Así que le hice caso, a pesar de que eso sólo sirviera para abrirle las puertas de par en par al error, pues no conviene relajarse a primera hora de la mañana un lunes y soltar lo primero que se os ocurra, ya os lo digo yo.

La relajación, de la que yo recelaba desde el principio, derivó en un movimiento desafortunado y ella saltó de golpe.

A partir de ahí, mi lunes se torció, y a pesar de que yo no sabía ni por qué tanto drama por lo que le había dicho, empecé a intentar arreglarlo sin demasiada fortuna. La perseguí hasta el último rincón de la casa, y cada intento por llegar a un encuentro común no hacía sino empeorar las cosas. Así que triste, enrabietado y apesadumbrado, salí de casa.

No sé si alguna vez habéis llegado al trabajo después de discutir con vuestra pareja y sin dejarlo arreglado. Y en encima en lunes, con el frío en las mejillas. Todo se torcía, pero haciendo caso de experiencias pasadas, decidí dejar el tiempo correr y esperar al mediodía para intentar volver a vernos en una nueva intentona por arreglar las cosas.

La mañana, así pues, se ha hecho lenta, agonizante... Comenté la situación con una compañera del trabajo y con una amiga que me recomendó que al llegar a casa le dijera algo en lo que yo no había caído, y entre nervios y frío llegó la hora de comer y con ello, el momento de coger la situación por los cuernos. Llegué a casa, abrí la puerta del baño y la encontré. Algo seca pero de nuevo receptiva. Quizás porque vio que mis ojos eran entonces de otra, en ese momento sintió la necesidad de volver a sentirse imprescindible para mi.

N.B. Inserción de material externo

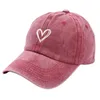 Ball Caps Baseball chapeau printemps / été femelle brodée pêche coeur lavage denim décontracté coréen mince couple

No lo sé, a veces los chicos me daréis la razón en que no existe una causa evidente para el enfado o la reconciliación, sólo aparece. El caso es que arreglamos nuestra rencilla mañanera, o eso parece. Le prometí que la tendría toda la tarde a mil cuidados, que estaría pendiente de ella, aunque eso creo que le agobia por momentos, y que quizás por la noche saliéramos juntos por ahí por romper la monotonía, que hemos estado todo el fin de semana metidos en casa.

Cuando he llegado ya de noche a casa, seguía ahí, recelosa, pero en el fondo deseando volver a sentirse querida. Que “sólo es un aviso”, dice, pero sabe que me ha hecho temblar, y que sin ella me pierdo, me caigo y no me guío bien. Así que me he vuelto a poner medroso por enésima vez en mi vida, y cuando parecía que la conversación se iba a tornar de nuevo en bronca, me ha dicho: “Tú lo único que tienes es miopía, imbécil”.

Moraleja: hasta que no pierdes una lentilla, no sabes lo mucho que tu relación con ella puede llegar a parecerse a la que tienes con tu pareja. Andáos con mucho ojo, nunca mejor dicho.